Premierminister Jonas Gahr Støre hielt eine Rede, in der er erklärte: „Wichtiger als die Ausrüstung sind die Menschen und die Zusammenarbeit mit unseren engen Verbündeten innerhalb der NATO. Wenn Regierungen, Offiziere und Soldaten zusammenkommen, sich kennenlernen, planen, die Ausrüstung testen, Beziehungen knüpfen, Vertrauen aufbauen und trainieren, stärkt dies unsere Fähigkeit, Herausforderungen zu meistern. Vertrauen ist in einer Welt, die als turbulenter, unvorhersehbarer und gefährlicher wahrgenommen wird, von entscheidender Bedeutung.“ Major Marit Strengen war dazu bestimmt, symbolisch die Rede der Soldaten zu halten.
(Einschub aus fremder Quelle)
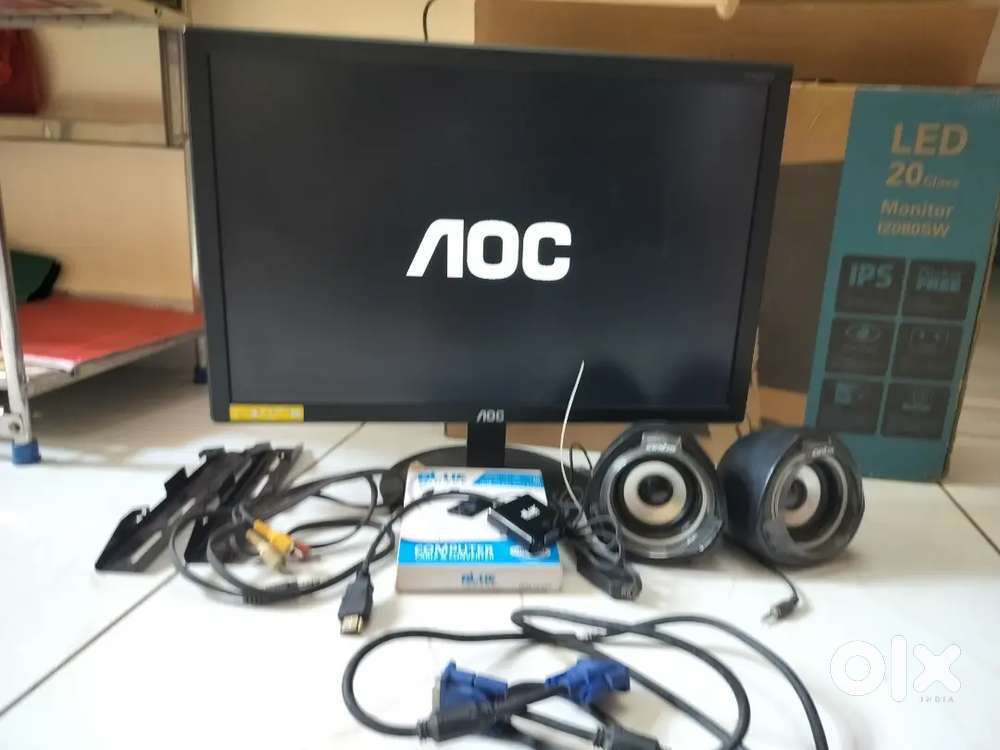 LED Monitor and Artis Speakers,cable converter ,wall mount  branded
Die Feier endete mit der Verleihung von Auszeichnungen. Diese Auszeichnungen werden von der Regierung und den Streitkräften verliehen. Oberstleutnant Kristian Ure erhielt für seinen langjährigen Dienst in Afghanistan die Kriegsmedaille. Aleksander Nyvoll Antonsen wurde mit der Tapferkeitsmedaille der Streitkräfte ausgezeichnet, während zehn Personen die Verdienstmedaille der Streitkräfte erhielten.